Assigned task:
Repeat exactly the lines of the records below, starting at the line containing "Juego de comedor" and ending at the line containing "FORD FOCUS 2012 - 1FAHP3M23CL222004". Leave the pictures out.

Dataset extract:
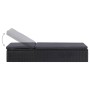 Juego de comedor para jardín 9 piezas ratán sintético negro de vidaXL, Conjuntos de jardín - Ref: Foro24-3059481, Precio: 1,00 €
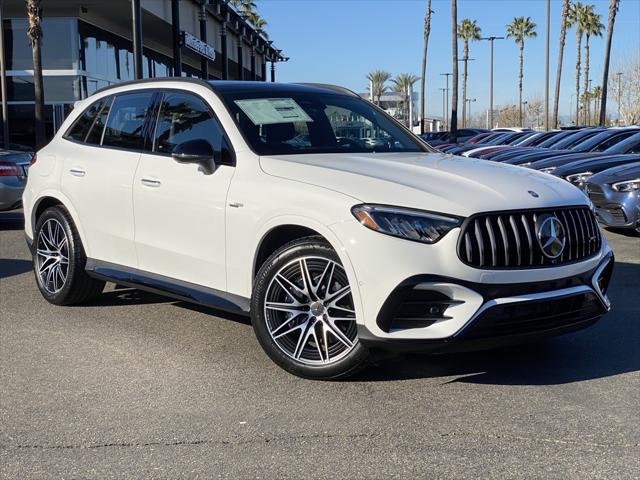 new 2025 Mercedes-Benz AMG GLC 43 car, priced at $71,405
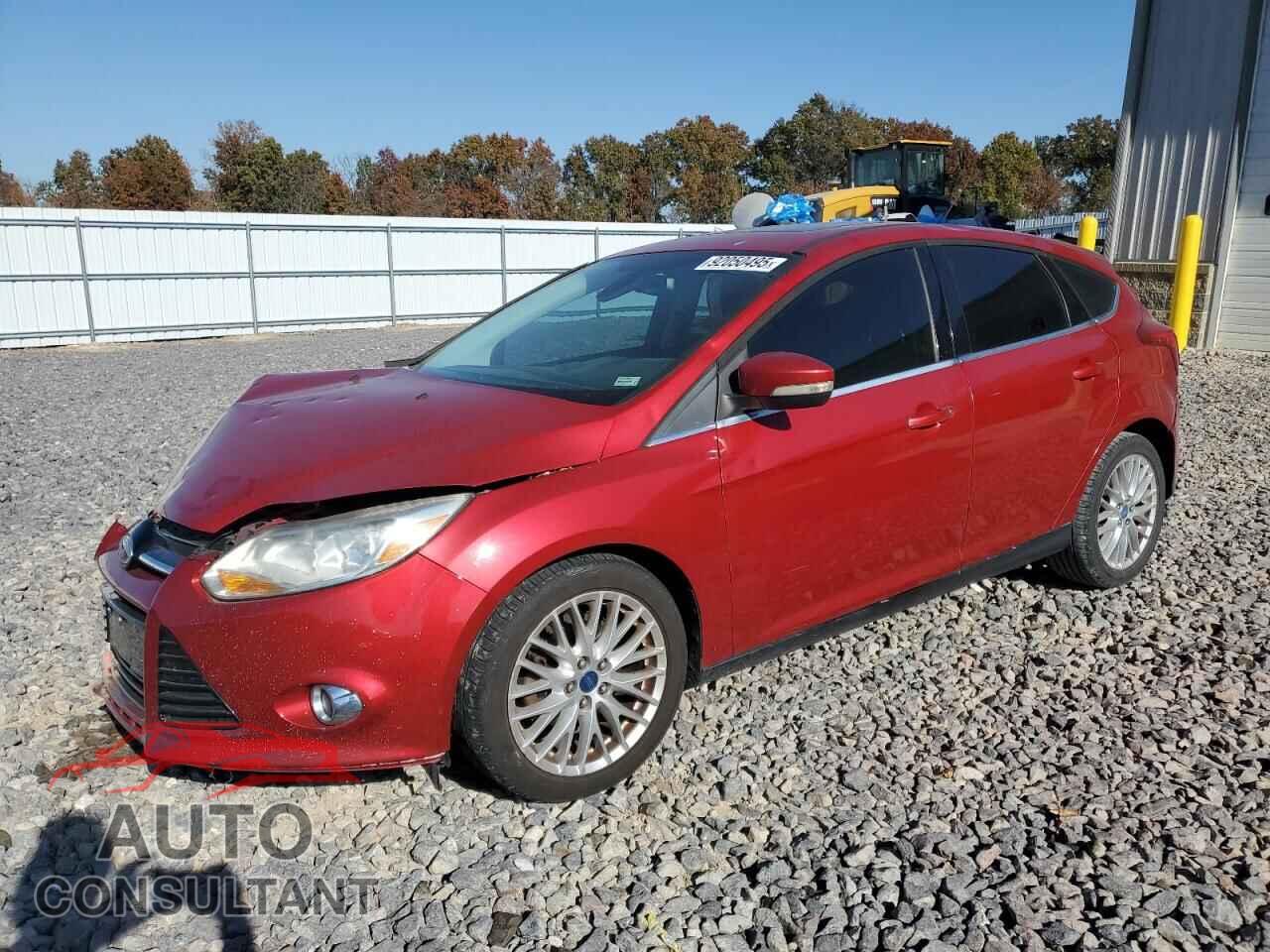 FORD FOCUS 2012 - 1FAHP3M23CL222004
==
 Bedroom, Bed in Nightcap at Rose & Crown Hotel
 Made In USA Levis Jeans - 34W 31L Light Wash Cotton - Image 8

Result of this task:
 Juego de comedor para jardín 9 piezas ratán sintético negro de vidaXL, Conjuntos de jardín - Ref: Foro24-3059481, Precio: 1,00 €
 new 2025 Mercedes-Benz AMG GLC 43 car, priced at $71,405
 FORD FOCUS 2012 - 1FAHP3M23CL222004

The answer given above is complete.